The company answered that it has a policy to not introduce new leather products, "mostly because of animal welfare concerns". The sandals with leather components sold on its website were "a leftover from... before we introduced the ‘no-leather’ policy". The company continued to sell this line as it is "a traditional product [made] by some of the so-called lowest-caste people in India [and we] don’t want to stop our existing support of them". For its use of leather as a non-substantial part of its business the company lost half a mark under Ethical Consumer’s Animal Rights category.

It also lost half a mark under the Pollution and Toxics category for the following reason. Leather, as the hide of a dead animal, naturally decomposes. To prevent this decomposition the leather industry uses a cocktail of harmful chemicals to preserve leather, including trivalent chromium sulphate, sodium sulphide, sodium sulfhydrate, arsenic and cyanide. Tannery effluent also contains large amounts of other pollutants, such as protein, hair, salt, lime sludge and acids. These can all pollute the land, air and water supply, making it a highly polluting industry.

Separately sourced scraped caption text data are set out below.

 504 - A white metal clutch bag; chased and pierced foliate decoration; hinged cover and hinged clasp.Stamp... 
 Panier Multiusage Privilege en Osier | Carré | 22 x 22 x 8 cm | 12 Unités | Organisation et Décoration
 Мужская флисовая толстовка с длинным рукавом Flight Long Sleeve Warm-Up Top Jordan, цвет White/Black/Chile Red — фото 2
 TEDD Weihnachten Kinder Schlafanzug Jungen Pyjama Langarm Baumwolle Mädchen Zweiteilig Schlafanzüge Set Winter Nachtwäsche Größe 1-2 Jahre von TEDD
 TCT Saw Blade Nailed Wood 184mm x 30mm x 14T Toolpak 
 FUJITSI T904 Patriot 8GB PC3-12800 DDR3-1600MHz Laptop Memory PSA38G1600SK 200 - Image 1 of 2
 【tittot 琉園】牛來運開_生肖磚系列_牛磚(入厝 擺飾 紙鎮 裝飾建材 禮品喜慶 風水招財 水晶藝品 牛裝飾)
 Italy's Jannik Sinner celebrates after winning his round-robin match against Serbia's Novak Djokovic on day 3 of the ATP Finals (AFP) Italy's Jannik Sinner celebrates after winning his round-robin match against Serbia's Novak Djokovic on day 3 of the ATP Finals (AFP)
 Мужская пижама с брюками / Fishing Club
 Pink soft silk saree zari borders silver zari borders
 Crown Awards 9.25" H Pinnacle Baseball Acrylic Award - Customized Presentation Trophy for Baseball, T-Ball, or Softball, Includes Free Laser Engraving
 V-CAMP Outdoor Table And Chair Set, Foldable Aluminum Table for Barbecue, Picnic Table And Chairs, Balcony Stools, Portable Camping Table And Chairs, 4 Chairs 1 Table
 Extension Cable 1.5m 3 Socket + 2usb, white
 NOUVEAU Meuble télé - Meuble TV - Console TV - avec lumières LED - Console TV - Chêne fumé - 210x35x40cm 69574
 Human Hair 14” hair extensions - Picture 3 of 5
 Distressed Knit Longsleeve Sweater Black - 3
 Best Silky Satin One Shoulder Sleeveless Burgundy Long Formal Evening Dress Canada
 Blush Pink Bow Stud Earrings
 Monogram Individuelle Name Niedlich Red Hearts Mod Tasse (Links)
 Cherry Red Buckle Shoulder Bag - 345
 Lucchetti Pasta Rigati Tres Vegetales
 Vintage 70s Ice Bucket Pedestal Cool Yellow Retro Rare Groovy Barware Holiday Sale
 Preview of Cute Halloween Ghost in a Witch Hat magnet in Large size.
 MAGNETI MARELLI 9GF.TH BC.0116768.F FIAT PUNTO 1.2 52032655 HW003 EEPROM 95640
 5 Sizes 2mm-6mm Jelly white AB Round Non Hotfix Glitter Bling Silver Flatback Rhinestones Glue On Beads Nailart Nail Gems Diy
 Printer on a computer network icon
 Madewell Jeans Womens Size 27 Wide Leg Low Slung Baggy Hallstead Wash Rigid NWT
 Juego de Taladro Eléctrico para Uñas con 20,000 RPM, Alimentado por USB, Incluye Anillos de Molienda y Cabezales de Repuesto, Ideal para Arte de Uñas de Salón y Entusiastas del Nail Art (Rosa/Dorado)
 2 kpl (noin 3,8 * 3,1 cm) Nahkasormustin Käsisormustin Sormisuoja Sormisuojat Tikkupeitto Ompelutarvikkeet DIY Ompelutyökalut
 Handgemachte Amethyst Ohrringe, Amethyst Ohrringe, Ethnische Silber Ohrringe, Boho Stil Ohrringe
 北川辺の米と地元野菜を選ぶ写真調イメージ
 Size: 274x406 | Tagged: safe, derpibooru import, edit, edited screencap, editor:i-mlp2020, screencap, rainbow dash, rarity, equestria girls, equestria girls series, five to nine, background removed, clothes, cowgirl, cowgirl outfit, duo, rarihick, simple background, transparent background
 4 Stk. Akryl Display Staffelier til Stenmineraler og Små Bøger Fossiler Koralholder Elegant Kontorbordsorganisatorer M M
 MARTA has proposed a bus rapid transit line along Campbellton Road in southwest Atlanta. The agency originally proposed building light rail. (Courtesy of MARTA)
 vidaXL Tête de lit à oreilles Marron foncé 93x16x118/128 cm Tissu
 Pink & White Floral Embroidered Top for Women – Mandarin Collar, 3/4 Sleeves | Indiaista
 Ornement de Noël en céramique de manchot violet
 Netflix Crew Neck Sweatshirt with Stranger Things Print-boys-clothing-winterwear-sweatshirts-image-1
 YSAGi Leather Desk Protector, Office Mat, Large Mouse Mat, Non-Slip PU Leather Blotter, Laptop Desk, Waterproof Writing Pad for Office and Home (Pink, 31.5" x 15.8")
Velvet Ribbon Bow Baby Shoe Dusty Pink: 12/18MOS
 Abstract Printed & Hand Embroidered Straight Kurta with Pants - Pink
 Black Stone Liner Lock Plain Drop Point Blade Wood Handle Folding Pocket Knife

Silk was considered to be an animal rights issue, as the conventional process of harvesting silk involved heat-treating cocoons before metamorphosis occurred to prevent damage to the silk fibres. This heat treatment resulted in the deaths of the silk worm larvae inside. An alternative to conventional silk was 'peace' or 'vegetarian' silk so called because the silk is harvested after the caterpillars have developed and hatched into moths. One Village stated that only one of its cushion covers lines was made of silk. The silk used was "forest silk that is... extracted deep in the forests of Odisha according to very old traditions". The online shop described the silk as "Tasar wild silk" and "wild silk from the Orissa forests. Handloom woven in Golpalpur village." The company did not believe that heat-treatment was used to extract the silk fibres. However, Victoria and Albert documentary, "How Was It Made? Cultivating Tasar Silk", available on YouTube showed that Tasar silk is made by reeling full threads from cocoons, which requires heat-treating the cocoons. Leaving the moth to exit the cocoon naturally, as is usual in 'peace' silk, would have meant the thread could not be unwound as a whole, which produced lower-grade silk. Ethical Consumer therefore assumed the silk used was produced conventionally whereby silk worms are killed. The company therefore lost a half a mark in the Animal Rights category.

Feathers (down)
According to campaign group Four Paws, animal suffering from the live plucking and force-feeding of geese and ducks was present in the general down supply chains. In order to avoid these practices, a company was expected to adopt a standard that would trace and audit their whole supply chain, including higher-risk parent farms, to ensure such cruelties were excluded. Four Paws had found that certificates and audit reports from suppliers themselves 'do not provide sufficient guarantees that animals have a cruelty free life.' The feathers One Village used in its cushion pads were a by-product of ducks farmed for consumption in Germany and therefore did not come from ducks that were plucked alive. Force-feeding animals was prohibited under the German Animal Rights act. The company was considered to have a sufficient down-standard and was not marked down for the use of feathers under Ethical Consumer’s Animal Rights category.